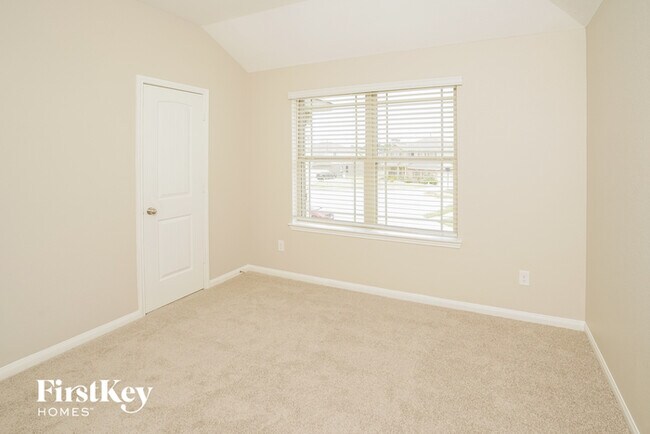 Building Photo - 74 Georgia Street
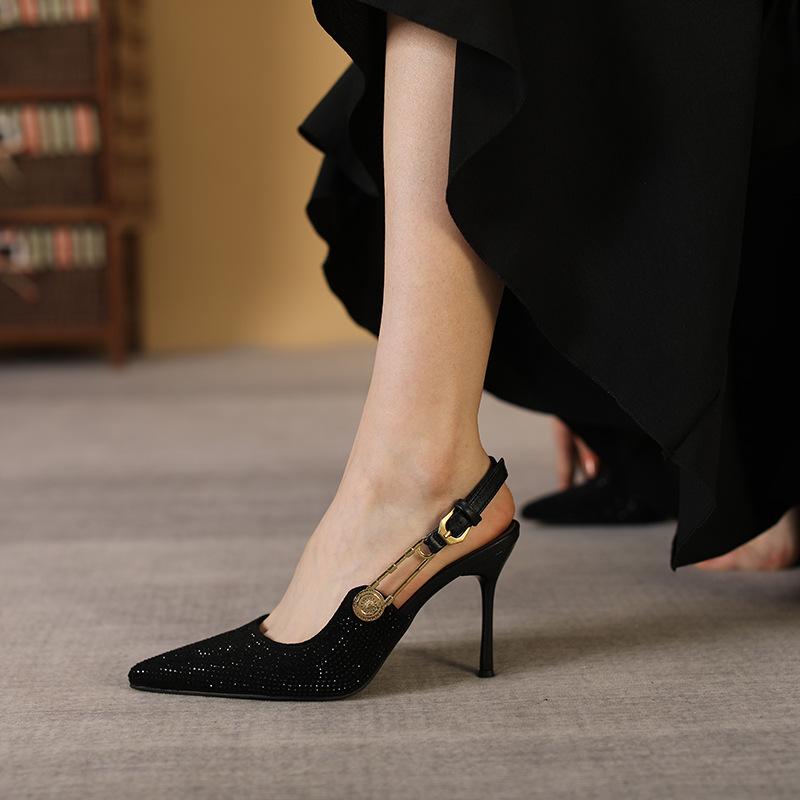 Summer new pointed black rhinestone pin badge high heel stiletto sexy light mouth sandals women s shoes 34
Summer new pointed black rhinestone pin badge high heel stiletto sexy light mouth sandals women s shoes 34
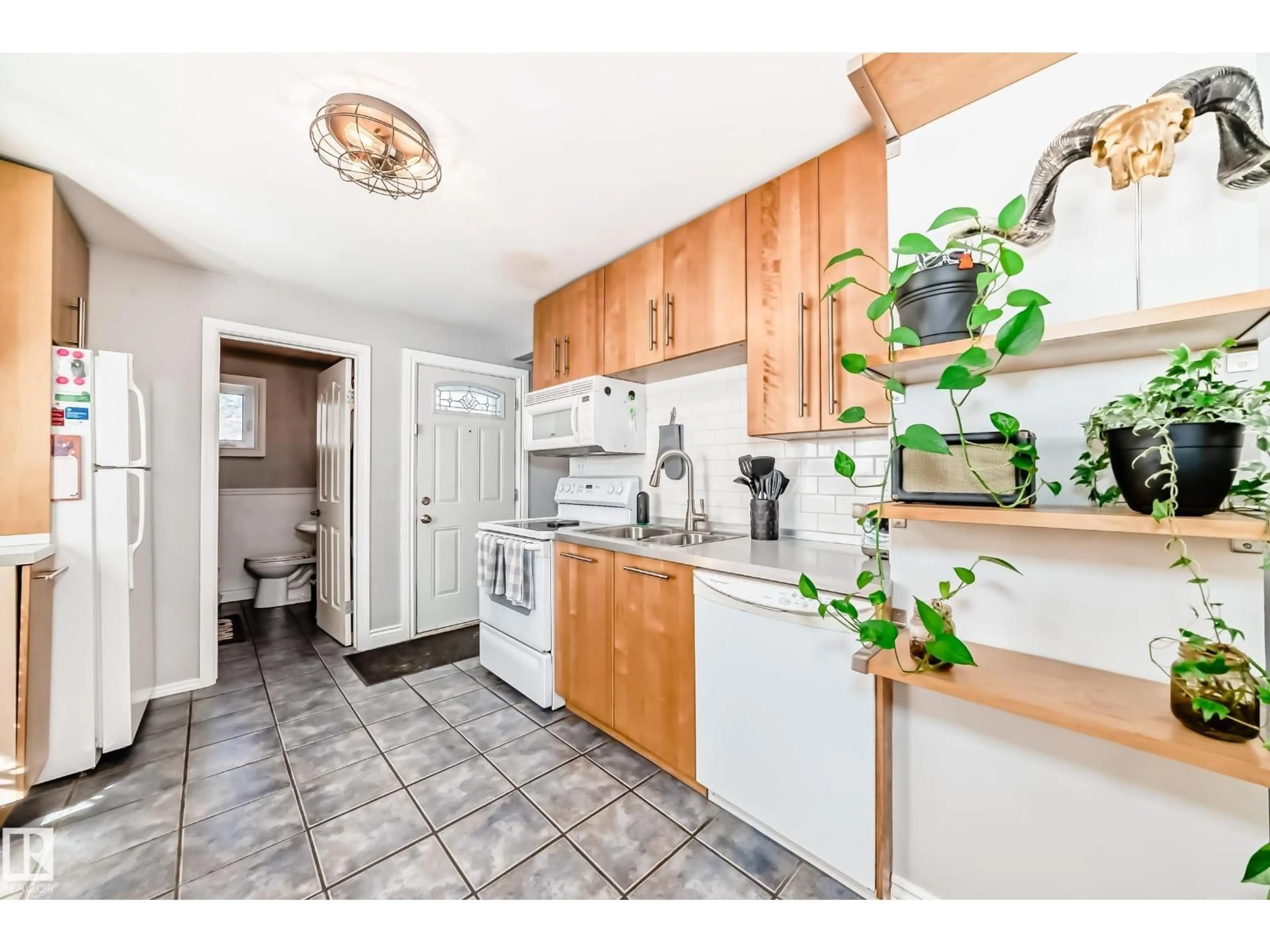 Standard kitchen, unknown for NW - 12146 95 ST, Edmonton Alberta T5G1M8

- Activity: Skip the images and set down the rest of the data unchanged.

- Response to this task:
 Building Photo - 74 Georgia Street
 Summer new pointed black rhinestone pin badge high heel stiletto sexy light mouth sandals women s shoes 34
Summer new pointed black rhinestone pin badge high heel stiletto sexy light mouth sandals women s shoes 34
 Standard kitchen, unknown for NW - 12146 95 ST, Edmonton Alberta T5G1M8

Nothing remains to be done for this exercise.